During my years as a graduate student, the first stirrings of computational biology could be seen; today, some of our most talented graduate students will never hold a pipet or run a gel. Others will carry out experiments and then pause for months as they switch to analyzing the data. Where once we worked in small isolated groups, geneticists now work hand in hand with statisticians or modelers, with computational chemists or structural biologists, with synthetic biologists or genome engineers. That’s our style of science, and it’s much the better for it.

Genetics is more than just a part of the excitement in biology: it’s the central part. Our way of thinking is integral to the understanding of any disease, the design of any drug, or the dissection of any signaling pathway. You can no more provide chemotherapy to treat a cancer without considering the tumor’s evolution than you can give a transfusion without typing a patient’s blood antigens. We work in a field whose impact on biology is huge and will only continue to grow.

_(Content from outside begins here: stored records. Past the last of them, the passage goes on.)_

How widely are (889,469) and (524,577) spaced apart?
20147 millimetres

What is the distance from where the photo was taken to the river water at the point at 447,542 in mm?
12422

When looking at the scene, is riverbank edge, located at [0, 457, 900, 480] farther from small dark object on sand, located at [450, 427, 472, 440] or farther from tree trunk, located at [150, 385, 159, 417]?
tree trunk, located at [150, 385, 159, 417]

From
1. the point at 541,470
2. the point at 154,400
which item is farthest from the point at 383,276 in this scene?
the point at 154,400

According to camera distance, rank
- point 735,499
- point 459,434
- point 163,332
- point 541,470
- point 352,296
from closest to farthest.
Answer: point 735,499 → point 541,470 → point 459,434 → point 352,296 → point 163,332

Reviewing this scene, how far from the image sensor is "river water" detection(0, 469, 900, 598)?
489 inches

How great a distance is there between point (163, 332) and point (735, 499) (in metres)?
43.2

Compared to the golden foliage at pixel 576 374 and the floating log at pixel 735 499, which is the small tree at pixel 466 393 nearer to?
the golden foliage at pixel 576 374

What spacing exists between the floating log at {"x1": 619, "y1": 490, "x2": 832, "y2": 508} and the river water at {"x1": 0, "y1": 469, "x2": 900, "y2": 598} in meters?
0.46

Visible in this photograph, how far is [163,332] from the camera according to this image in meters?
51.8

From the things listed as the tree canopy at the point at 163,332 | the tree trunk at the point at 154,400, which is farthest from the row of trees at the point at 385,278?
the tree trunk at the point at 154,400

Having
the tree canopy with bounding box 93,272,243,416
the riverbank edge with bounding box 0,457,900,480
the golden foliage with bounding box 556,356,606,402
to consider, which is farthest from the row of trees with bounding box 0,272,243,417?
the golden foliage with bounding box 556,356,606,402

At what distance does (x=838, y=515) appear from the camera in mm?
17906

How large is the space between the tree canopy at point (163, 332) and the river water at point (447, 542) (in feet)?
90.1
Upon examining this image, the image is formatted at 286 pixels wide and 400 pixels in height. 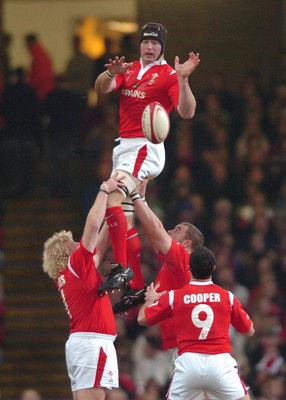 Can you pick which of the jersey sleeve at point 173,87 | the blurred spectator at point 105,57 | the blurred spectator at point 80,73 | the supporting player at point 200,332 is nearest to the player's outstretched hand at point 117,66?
the jersey sleeve at point 173,87

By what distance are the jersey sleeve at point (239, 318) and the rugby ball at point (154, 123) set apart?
4.58 ft

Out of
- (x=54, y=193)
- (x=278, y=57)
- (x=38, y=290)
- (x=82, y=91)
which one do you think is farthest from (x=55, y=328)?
(x=278, y=57)

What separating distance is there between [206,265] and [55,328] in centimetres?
807

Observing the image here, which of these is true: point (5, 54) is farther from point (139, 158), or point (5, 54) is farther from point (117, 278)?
point (117, 278)

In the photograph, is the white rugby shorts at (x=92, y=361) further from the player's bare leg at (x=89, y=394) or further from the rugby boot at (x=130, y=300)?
the rugby boot at (x=130, y=300)

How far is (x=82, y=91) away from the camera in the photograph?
19844mm

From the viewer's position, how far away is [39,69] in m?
19.9

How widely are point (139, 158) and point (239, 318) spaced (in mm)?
1517

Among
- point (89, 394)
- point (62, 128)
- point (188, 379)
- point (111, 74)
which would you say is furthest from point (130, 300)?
point (62, 128)

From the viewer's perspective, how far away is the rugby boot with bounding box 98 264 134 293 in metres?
11.5

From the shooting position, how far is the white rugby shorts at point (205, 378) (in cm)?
1130

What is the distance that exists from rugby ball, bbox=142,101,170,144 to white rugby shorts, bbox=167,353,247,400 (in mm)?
1699

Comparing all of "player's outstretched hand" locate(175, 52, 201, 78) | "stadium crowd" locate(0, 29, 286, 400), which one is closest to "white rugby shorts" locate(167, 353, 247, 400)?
"player's outstretched hand" locate(175, 52, 201, 78)

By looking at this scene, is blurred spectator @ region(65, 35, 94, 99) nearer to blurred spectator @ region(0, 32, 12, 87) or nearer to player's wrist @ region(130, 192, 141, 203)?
blurred spectator @ region(0, 32, 12, 87)
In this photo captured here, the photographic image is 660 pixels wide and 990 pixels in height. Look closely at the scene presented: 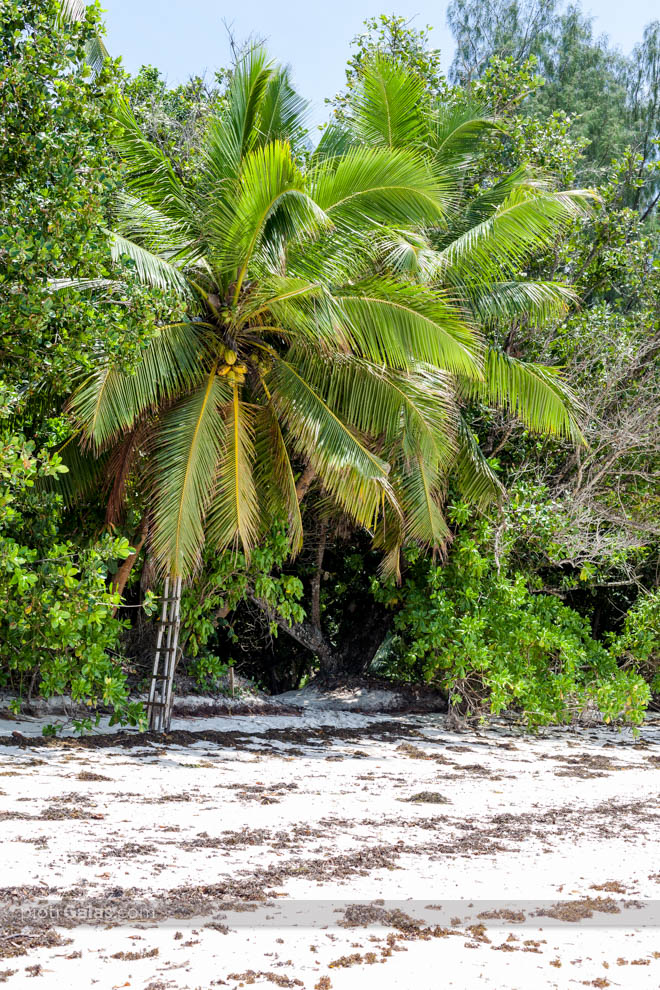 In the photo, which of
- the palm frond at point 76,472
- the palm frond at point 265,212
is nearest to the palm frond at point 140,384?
the palm frond at point 76,472

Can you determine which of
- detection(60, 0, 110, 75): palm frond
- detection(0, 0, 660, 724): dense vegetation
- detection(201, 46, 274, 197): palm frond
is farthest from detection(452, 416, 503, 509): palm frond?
detection(60, 0, 110, 75): palm frond

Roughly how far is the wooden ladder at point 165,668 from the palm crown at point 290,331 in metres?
0.77

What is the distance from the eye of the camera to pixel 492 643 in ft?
38.1

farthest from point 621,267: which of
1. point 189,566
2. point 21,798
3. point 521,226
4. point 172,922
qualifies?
point 172,922

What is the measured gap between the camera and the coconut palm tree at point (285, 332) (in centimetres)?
867

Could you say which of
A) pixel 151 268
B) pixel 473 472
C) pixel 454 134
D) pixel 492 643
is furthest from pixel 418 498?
pixel 454 134

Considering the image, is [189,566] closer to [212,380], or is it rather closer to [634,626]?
[212,380]

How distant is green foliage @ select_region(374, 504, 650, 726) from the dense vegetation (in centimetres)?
5

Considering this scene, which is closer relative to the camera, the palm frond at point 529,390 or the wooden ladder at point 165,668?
the wooden ladder at point 165,668

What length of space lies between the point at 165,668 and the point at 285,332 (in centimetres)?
367

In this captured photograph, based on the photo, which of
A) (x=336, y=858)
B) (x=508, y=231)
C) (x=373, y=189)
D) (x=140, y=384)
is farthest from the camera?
(x=508, y=231)

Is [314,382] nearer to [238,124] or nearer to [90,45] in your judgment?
[238,124]

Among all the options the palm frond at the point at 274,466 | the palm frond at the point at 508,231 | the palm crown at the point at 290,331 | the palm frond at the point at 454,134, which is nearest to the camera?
the palm crown at the point at 290,331

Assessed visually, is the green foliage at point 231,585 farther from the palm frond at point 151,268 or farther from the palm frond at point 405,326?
the palm frond at point 151,268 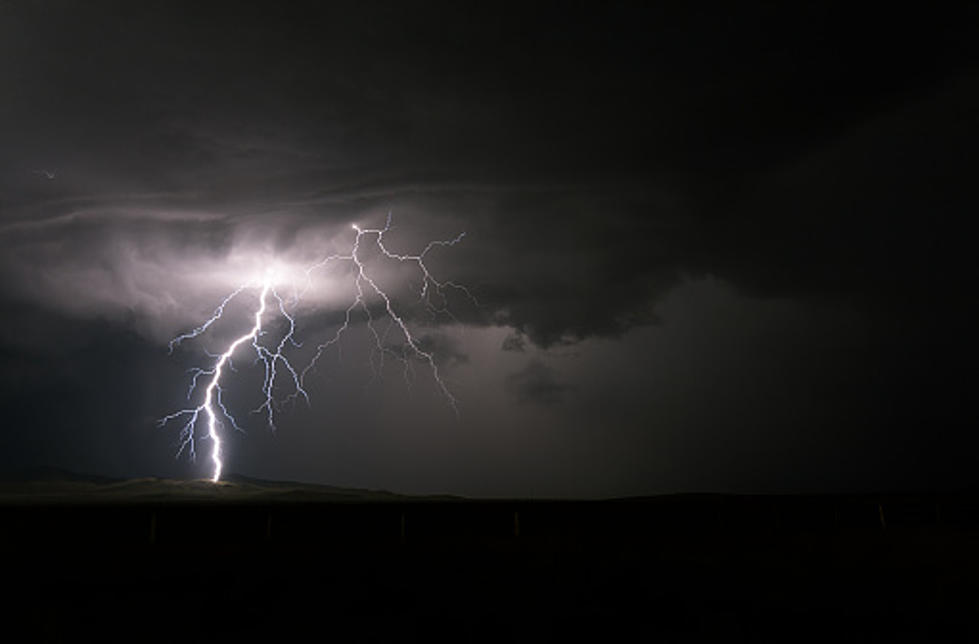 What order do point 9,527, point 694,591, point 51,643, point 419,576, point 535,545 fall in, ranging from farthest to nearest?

Of course, it’s not a utopia out there. In other posts, we’ll discuss gloomy funding prospects, the challenges of finding a satisfying career in genetics, what we might do to keep early career biologists who want children in science, and the minefield of publishing in high profile journals. And this shouldn’t be just my blog: please send me (my last name at uw.edu; subject line: Count) your comments and ideas on what you think the GSA should be doing in these or other arenas. Even better: let me know what you can do to help us out.

But as we start this new year and new GSA presidency, let’s rejoice in what our field has accomplished and the prospects for continuing stunning discoveries. In this most wonderful time to be a geneticist, let us count our lucky stars.